Problem → Reproduce precisely the lines between the start of the data below and the line with "64 Sunrise Terrace, Cochrane, AB - Outdoor", both included.

Items from a data source
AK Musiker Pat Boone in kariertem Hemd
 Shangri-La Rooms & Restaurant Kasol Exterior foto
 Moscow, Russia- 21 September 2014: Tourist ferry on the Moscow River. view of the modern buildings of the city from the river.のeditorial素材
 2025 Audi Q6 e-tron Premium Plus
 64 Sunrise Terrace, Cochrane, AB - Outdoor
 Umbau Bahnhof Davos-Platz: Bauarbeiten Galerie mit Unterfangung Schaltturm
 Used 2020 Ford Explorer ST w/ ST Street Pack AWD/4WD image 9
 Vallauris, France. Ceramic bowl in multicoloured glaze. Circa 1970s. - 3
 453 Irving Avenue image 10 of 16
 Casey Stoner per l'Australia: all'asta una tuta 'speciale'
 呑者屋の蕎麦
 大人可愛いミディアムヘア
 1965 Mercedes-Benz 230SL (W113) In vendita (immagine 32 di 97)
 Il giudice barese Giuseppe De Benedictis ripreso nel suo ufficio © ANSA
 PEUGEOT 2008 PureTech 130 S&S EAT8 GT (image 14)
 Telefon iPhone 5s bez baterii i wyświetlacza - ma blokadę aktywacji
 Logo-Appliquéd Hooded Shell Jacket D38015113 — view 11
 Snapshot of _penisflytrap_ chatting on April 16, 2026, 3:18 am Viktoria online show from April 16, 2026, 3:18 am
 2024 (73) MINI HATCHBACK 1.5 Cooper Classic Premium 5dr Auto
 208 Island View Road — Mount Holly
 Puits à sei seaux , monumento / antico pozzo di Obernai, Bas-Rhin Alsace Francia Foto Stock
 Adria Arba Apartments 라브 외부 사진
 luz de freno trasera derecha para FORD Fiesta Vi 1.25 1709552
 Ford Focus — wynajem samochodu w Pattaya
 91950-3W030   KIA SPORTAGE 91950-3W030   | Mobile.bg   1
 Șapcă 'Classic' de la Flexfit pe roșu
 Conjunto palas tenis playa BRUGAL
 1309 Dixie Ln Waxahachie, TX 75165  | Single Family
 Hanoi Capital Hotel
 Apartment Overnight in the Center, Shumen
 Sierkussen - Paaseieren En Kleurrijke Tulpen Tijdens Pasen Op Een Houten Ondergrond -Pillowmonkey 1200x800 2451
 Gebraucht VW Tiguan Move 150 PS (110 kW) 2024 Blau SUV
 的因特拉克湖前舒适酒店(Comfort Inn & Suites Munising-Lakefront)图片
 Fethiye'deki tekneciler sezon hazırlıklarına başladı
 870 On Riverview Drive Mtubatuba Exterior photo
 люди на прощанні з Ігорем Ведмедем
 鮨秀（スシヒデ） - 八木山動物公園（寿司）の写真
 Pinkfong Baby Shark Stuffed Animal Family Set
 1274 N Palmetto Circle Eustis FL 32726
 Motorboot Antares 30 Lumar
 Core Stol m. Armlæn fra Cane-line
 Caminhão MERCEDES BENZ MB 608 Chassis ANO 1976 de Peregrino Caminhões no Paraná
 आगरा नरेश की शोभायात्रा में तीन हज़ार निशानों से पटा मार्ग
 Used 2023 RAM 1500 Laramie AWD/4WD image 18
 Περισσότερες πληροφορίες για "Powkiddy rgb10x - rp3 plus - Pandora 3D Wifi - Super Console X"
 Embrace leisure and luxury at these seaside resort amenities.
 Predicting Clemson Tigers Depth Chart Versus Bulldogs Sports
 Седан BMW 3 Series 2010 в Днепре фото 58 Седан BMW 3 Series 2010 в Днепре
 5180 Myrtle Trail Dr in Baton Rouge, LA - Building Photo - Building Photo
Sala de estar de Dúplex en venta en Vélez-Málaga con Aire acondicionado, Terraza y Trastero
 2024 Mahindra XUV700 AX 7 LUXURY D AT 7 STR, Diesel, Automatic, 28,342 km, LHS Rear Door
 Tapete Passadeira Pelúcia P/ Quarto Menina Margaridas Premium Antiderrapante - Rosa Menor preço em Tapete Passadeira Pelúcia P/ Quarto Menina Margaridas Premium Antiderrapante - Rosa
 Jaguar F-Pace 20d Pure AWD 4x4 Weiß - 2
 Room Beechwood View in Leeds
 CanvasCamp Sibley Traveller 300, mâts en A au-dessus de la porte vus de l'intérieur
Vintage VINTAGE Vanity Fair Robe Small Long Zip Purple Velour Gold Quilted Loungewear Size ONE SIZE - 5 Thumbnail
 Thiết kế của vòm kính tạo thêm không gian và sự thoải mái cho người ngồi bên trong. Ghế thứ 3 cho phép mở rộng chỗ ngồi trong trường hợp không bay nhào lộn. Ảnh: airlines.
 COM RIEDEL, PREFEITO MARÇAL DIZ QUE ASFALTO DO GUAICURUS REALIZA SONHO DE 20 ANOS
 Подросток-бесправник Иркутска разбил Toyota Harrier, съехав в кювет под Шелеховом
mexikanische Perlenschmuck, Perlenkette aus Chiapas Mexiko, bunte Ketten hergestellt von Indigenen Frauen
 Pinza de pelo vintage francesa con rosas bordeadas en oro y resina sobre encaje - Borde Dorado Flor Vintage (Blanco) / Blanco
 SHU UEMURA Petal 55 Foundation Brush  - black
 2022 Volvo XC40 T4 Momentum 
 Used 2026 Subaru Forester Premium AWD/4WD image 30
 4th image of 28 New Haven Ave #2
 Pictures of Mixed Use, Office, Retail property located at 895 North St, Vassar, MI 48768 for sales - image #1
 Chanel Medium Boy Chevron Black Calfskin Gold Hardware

Problem solution →
AK Musiker Pat Boone in kariertem Hemd
 Shangri-La Rooms & Restaurant Kasol Exterior foto
 Moscow, Russia- 21 September 2014: Tourist ferry on the Moscow River. view of the modern buildings of the city from the river.のeditorial素材
 2025 Audi Q6 e-tron Premium Plus
 64 Sunrise Terrace, Cochrane, AB - Outdoor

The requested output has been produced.